(Exercise directions):
Restate, word for word and with no pictures, the stretch of lines in the data below that begins at the line with "Никита Зайцев - Тренер" and ends at the line with "Waterproof Frida Kahlo Floral Throw Pillow Cover", inclusive.
Data supplied Start Marker
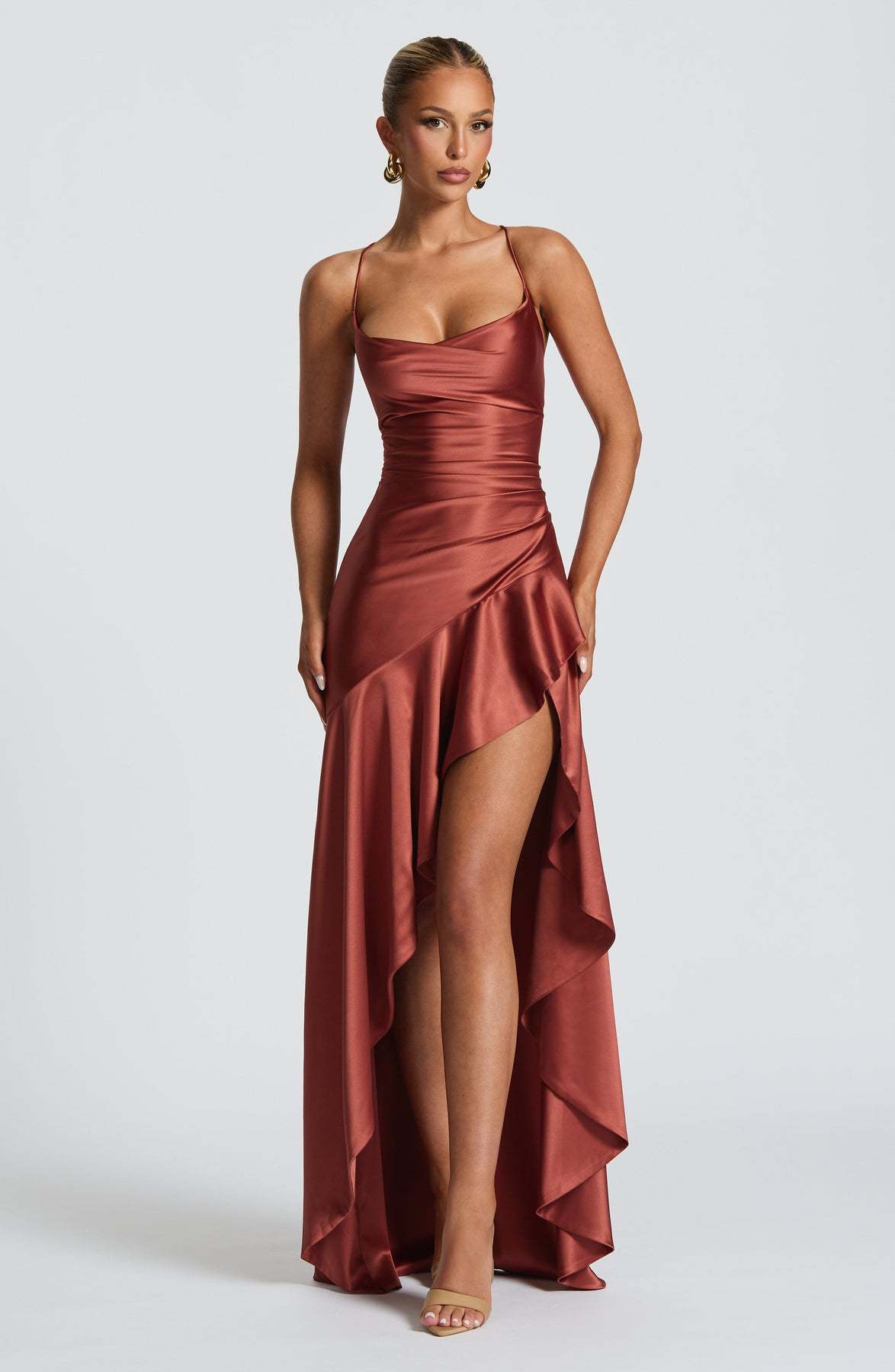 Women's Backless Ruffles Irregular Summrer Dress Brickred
Data supplied End Marker
Data supplied Start Marker
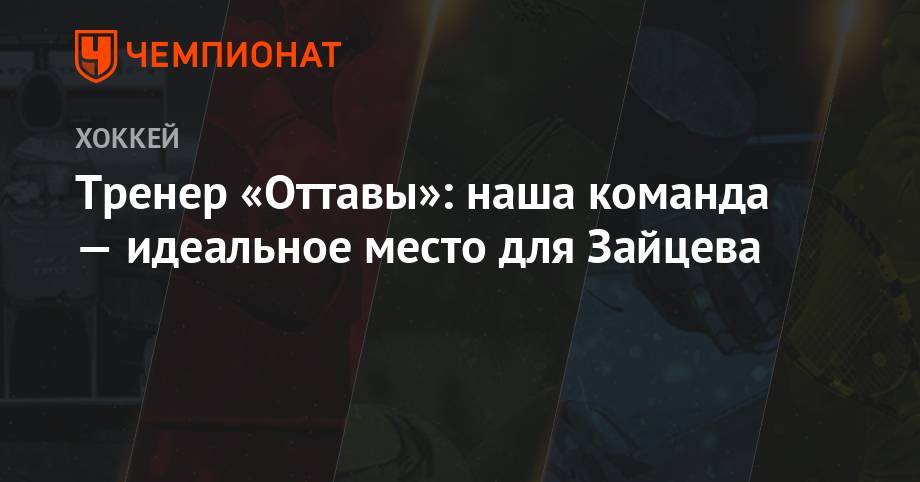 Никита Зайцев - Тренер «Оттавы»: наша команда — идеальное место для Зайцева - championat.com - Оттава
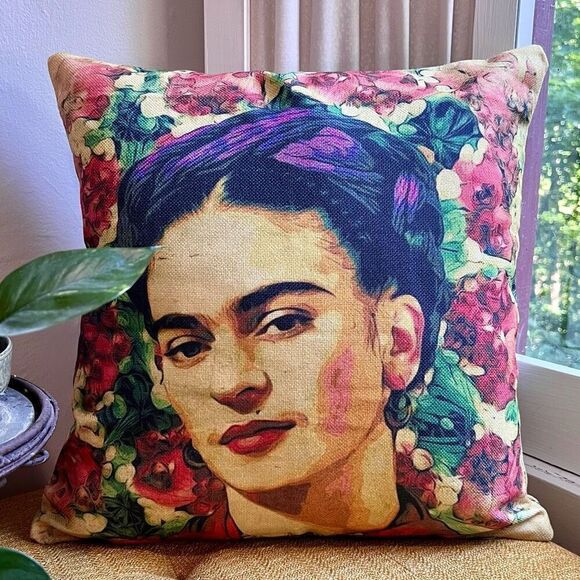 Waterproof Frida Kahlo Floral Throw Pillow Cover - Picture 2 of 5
Data supplied End Marker
Data supplied Start Marker
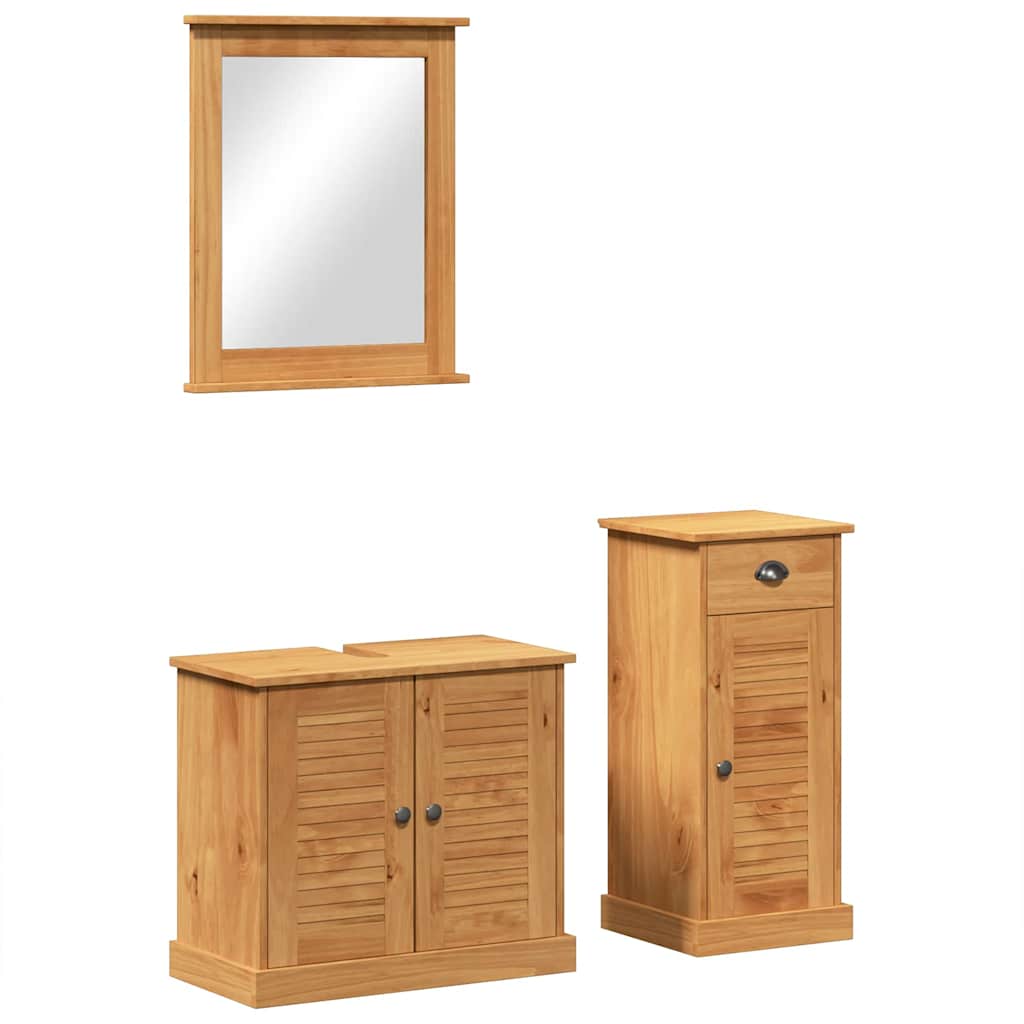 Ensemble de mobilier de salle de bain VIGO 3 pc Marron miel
Data supplied End Marker
(Expected output):
 Никита Зайцев - Тренер «Оттавы»: наша команда — идеальное место для Зайцева - championat.com - Оттава
 Waterproof Frida Kahlo Floral Throw Pillow Cover - Picture 2 of 5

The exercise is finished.